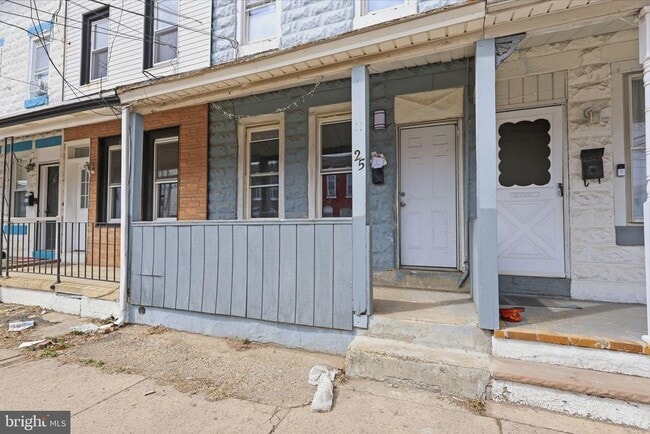 Building Photo - 25 Lily St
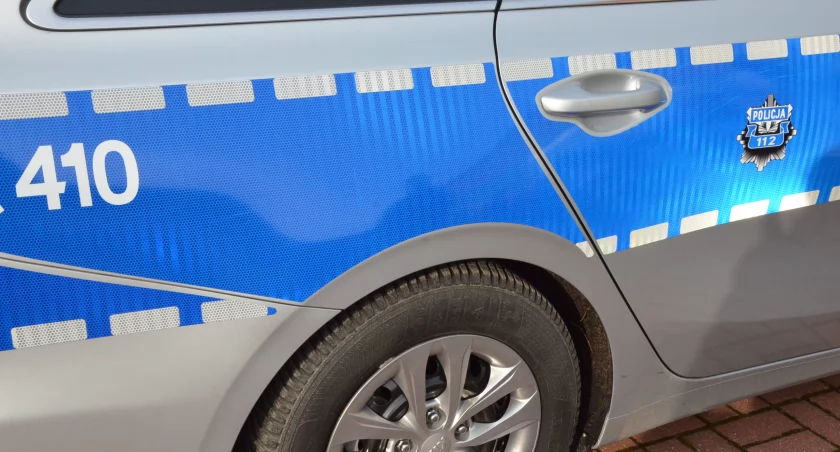 23-latka potrąciła kobietę we Włocławku. Wyjeżdżała z parkingu sklepowego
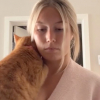 Illustration : Ce chat de refuge dont personne ne voulait se love maintenant tous les soirs dans le cou de sa propri&eacute;taire qui cuisine (vid&eacute;o)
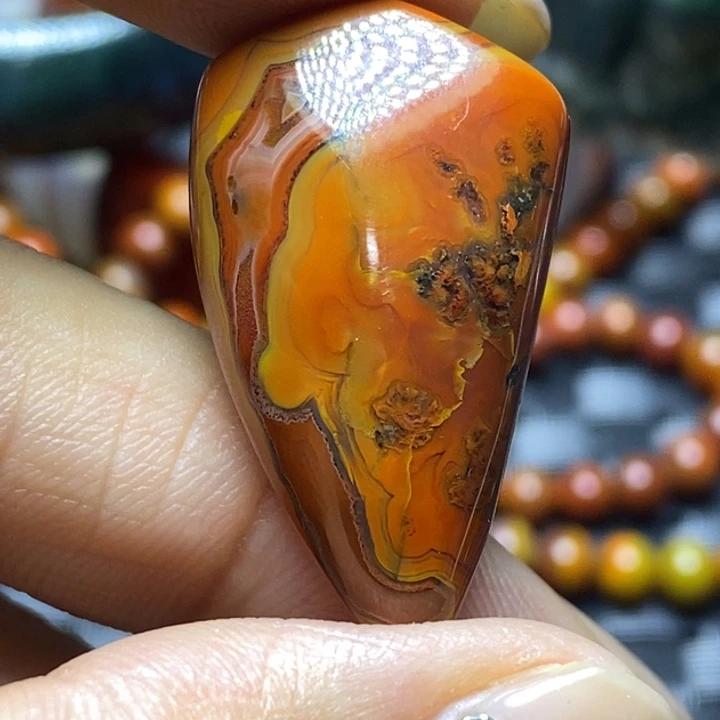 玛瑙/玉髓颈饰未镶嵌?****?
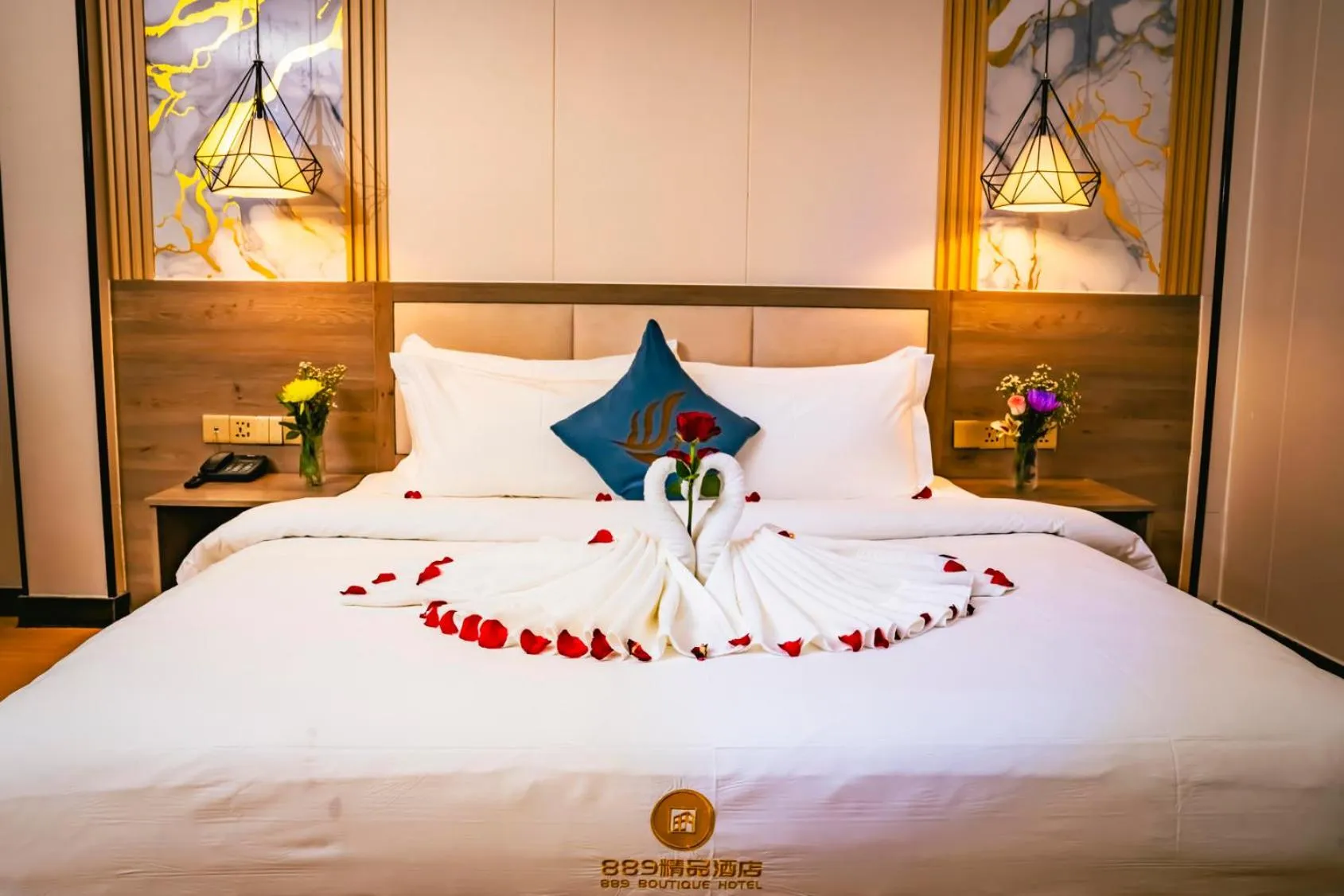 Bed in 889 Boutique Hotel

# [WHAT NEEDS TO BE DONE]
All records above must be copied exactly, though the pictures they hold are to be left out.

# [ANSWER TO THE EXERCISE]
 Building Photo - 25 Lily St
 23-latka potrąciła kobietę we Włocławku. Wyjeżdżała z parkingu sklepowego
 Illustration : Ce chat de refuge dont personne ne voulait se love maintenant tous les soirs dans le cou de sa propri&eacute;taire qui cuisine (vid&eacute;o)
 玛瑙/玉髓颈饰未镶嵌?****?
 Bed in 889 Boutique Hotel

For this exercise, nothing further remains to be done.